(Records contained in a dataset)

================================

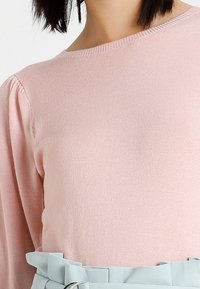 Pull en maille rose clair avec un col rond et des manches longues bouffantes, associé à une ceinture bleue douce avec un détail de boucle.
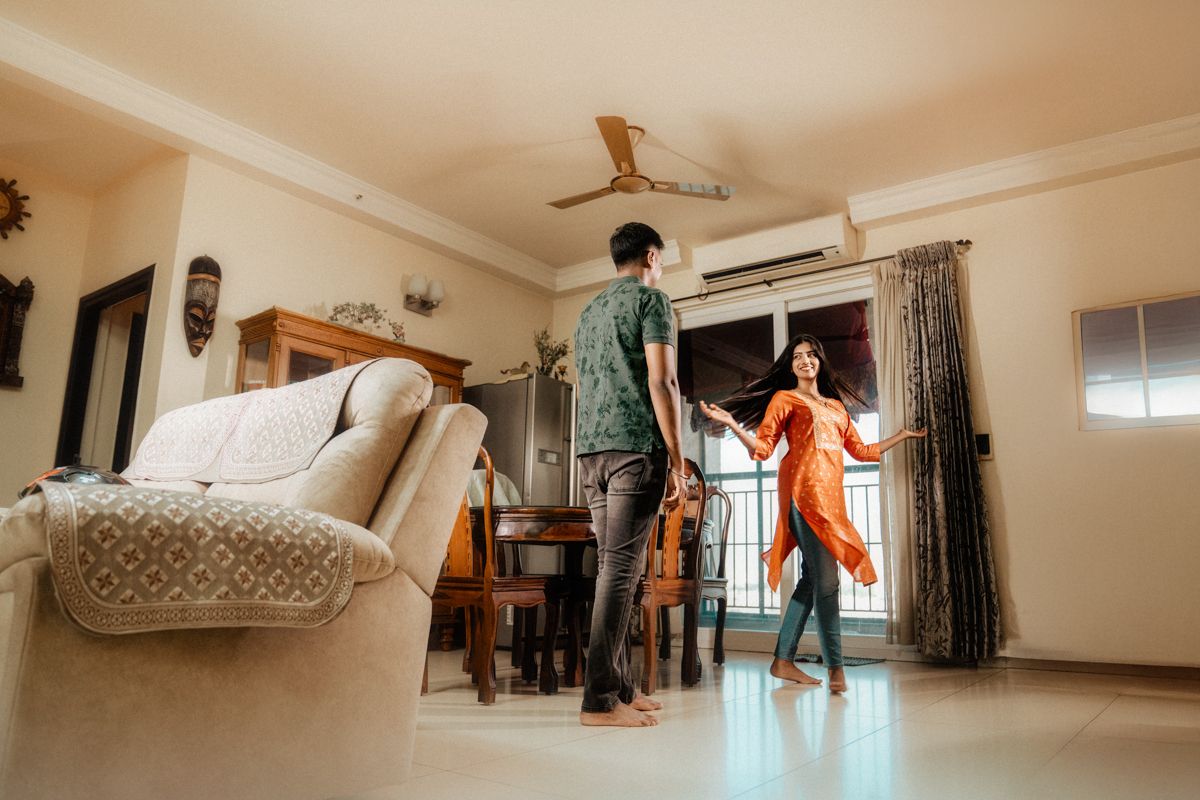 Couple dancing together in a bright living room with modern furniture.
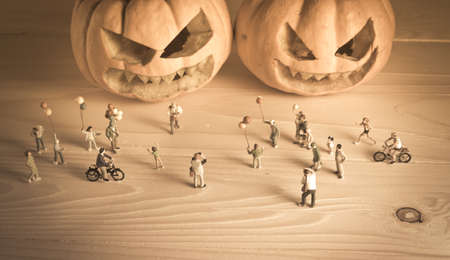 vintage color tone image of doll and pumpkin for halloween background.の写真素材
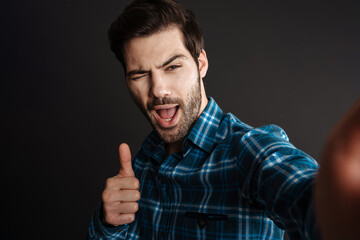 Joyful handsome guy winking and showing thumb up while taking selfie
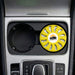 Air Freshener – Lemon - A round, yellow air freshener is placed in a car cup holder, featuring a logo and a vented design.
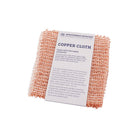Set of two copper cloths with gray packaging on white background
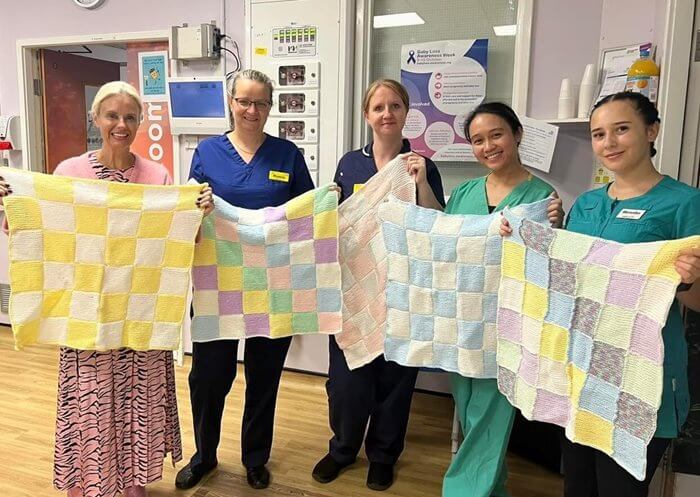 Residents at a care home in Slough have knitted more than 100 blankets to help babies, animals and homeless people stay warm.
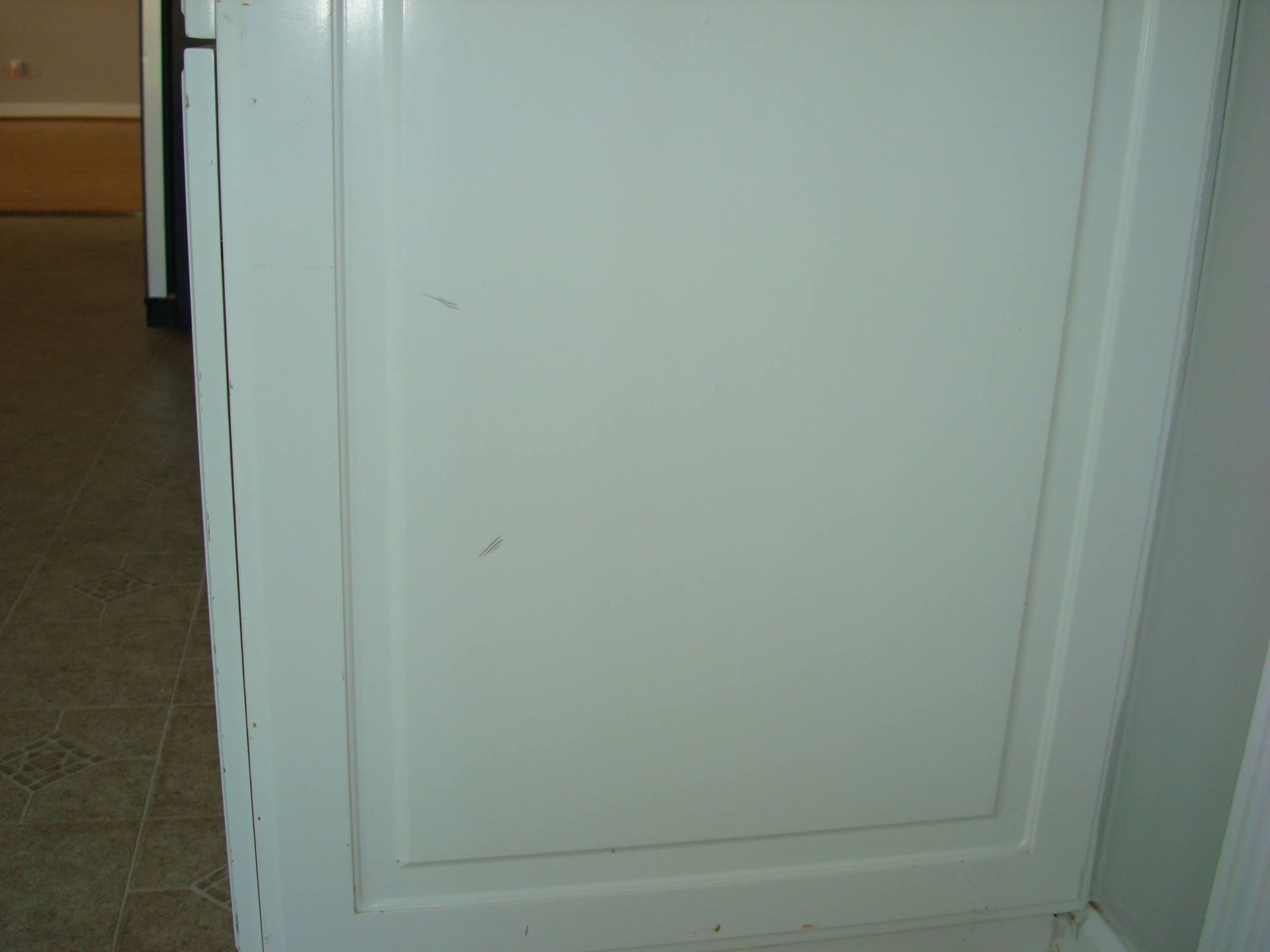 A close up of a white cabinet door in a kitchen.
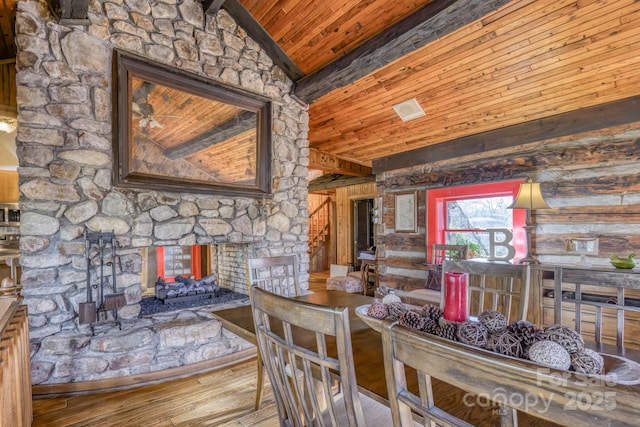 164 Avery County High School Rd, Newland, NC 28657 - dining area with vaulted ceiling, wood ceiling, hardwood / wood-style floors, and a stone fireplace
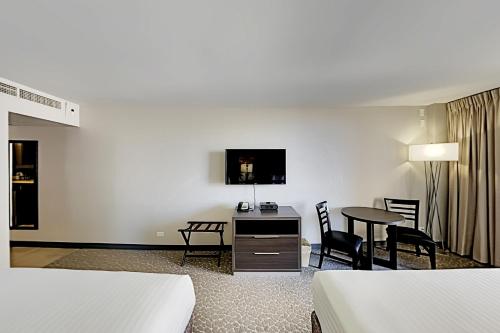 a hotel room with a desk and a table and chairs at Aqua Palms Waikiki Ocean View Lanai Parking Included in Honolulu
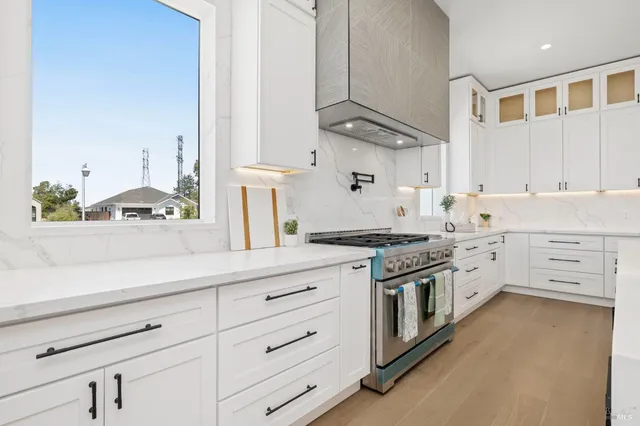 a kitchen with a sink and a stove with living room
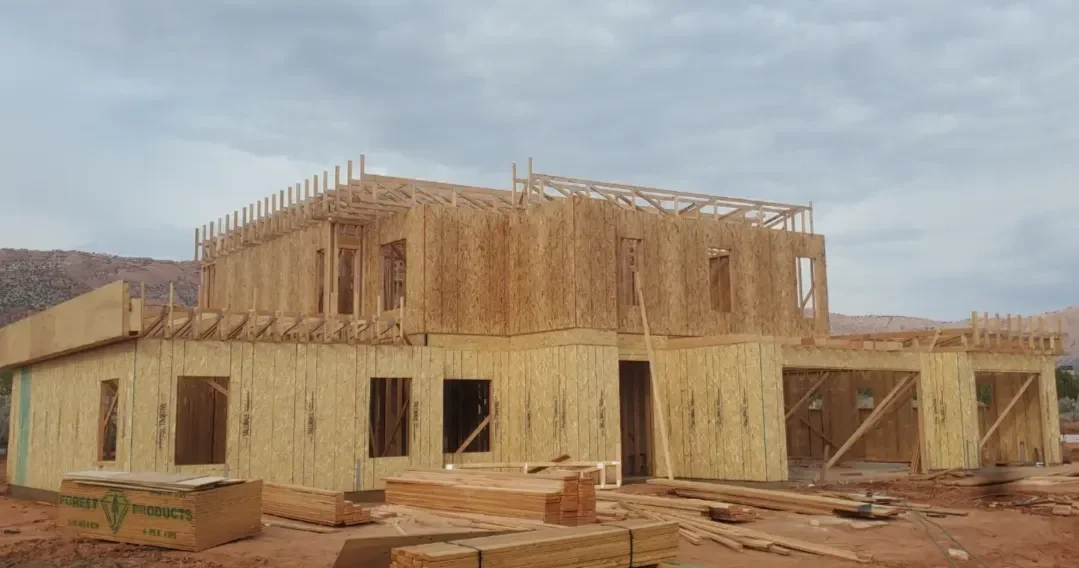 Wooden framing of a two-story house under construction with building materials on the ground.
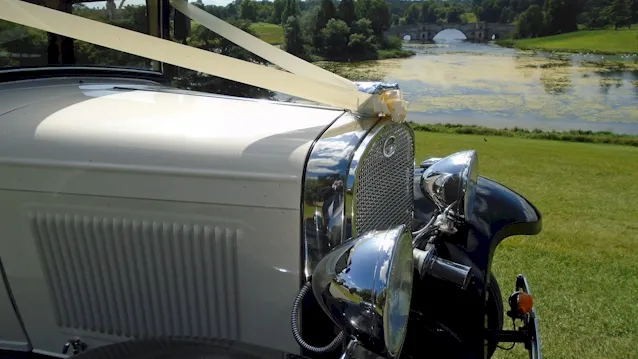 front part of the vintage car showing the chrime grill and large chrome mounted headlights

================================

[THE TASK] Whatever pictures the records hold, omit them; give again exactly the lines from the one containing "Joyful handsome guy" through the one containing "Set of two copper".

[SOLUTION]
 Joyful handsome guy winking and showing thumb up while taking selfie
 Air Freshener – Lemon - A round, yellow air freshener is placed in a car cup holder, featuring a logo and a vented design.
Set of two copper cloths with gray packaging on white background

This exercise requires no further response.